[Start of section]

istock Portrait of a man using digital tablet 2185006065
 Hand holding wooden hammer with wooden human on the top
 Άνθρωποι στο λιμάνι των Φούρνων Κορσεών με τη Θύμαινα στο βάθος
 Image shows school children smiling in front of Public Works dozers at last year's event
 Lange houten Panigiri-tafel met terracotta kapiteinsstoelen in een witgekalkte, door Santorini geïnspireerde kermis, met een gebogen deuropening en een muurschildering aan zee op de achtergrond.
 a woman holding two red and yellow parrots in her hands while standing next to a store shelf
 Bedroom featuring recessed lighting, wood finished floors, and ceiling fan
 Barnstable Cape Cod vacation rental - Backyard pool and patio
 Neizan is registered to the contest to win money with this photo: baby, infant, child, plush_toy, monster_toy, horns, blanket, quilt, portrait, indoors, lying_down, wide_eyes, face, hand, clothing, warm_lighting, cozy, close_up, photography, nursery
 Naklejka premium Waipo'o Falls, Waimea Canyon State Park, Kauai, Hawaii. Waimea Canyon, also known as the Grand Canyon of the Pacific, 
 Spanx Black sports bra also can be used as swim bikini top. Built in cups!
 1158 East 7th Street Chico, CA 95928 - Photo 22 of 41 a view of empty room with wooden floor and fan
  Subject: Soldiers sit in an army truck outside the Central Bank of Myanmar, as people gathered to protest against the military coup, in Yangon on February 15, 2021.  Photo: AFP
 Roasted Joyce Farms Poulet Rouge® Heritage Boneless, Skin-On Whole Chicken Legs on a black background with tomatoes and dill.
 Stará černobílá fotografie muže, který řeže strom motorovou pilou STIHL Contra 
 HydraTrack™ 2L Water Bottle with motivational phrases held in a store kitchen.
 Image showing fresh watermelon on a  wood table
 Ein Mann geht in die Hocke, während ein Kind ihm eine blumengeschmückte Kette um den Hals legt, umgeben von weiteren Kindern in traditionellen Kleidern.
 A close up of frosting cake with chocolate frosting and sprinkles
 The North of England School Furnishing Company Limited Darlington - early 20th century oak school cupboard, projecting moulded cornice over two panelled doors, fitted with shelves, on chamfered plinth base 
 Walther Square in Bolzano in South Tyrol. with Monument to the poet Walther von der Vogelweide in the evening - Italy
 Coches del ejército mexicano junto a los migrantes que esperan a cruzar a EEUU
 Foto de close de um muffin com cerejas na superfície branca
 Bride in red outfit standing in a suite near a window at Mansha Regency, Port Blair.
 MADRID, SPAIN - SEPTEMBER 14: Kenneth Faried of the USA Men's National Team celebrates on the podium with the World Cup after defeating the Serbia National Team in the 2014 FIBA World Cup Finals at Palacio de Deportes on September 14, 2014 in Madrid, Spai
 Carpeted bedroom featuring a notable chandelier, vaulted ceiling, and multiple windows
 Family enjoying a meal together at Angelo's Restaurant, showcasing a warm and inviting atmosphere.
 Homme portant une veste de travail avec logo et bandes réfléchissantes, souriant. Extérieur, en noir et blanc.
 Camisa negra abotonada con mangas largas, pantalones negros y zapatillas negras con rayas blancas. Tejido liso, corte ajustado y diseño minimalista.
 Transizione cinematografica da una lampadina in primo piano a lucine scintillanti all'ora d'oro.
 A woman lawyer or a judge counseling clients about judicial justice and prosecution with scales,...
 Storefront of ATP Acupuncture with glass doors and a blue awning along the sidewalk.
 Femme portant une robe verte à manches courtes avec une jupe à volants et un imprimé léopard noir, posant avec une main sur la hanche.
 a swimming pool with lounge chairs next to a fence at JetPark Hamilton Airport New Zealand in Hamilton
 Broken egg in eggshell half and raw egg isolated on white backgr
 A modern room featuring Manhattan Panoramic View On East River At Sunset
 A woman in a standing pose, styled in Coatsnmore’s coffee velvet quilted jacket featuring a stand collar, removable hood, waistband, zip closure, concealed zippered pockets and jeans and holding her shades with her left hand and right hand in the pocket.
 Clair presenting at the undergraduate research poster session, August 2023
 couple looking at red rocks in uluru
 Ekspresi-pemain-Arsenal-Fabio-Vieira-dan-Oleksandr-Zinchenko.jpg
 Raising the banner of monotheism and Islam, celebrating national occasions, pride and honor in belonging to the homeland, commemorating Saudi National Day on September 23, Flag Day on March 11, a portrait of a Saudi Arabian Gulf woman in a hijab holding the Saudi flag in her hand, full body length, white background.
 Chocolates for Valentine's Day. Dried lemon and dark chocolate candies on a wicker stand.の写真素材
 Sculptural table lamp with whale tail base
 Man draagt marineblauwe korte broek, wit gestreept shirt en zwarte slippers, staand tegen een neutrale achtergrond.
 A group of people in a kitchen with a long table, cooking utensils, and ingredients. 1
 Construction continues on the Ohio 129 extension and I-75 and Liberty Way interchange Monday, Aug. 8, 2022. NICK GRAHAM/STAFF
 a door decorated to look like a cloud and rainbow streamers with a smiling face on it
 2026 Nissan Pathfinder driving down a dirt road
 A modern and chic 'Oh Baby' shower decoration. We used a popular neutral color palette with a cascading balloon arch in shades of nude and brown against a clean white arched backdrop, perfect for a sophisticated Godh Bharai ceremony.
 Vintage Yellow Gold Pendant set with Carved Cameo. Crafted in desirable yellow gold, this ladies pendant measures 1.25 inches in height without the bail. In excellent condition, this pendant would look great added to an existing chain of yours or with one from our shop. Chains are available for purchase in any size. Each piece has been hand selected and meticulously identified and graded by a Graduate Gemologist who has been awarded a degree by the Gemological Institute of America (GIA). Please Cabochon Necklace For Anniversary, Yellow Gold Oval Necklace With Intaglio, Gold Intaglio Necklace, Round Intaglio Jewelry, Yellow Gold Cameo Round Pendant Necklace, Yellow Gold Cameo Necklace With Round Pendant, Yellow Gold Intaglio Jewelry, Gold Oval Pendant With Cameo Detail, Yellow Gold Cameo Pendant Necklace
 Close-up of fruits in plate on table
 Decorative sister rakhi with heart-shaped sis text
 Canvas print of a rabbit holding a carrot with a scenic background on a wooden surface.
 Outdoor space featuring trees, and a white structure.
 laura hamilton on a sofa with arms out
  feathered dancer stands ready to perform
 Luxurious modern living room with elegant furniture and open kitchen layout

[End of section]

| PROBLEM DESCRIPTION |
What you return must be an exact retyping of the lines above starting at the line with "The North of" and ending at the line with "Walther Square in", and nothing besides.

| RESULT OF THE TASK |
 The North of England School Furnishing Company Limited Darlington - early 20th century oak school cupboard, projecting moulded cornice over two panelled doors, fitted with shelves, on chamfered plinth base 
 Walther Square in Bolzano in South Tyrol. with Monument to the poet Walther von der Vogelweide in the evening - Italy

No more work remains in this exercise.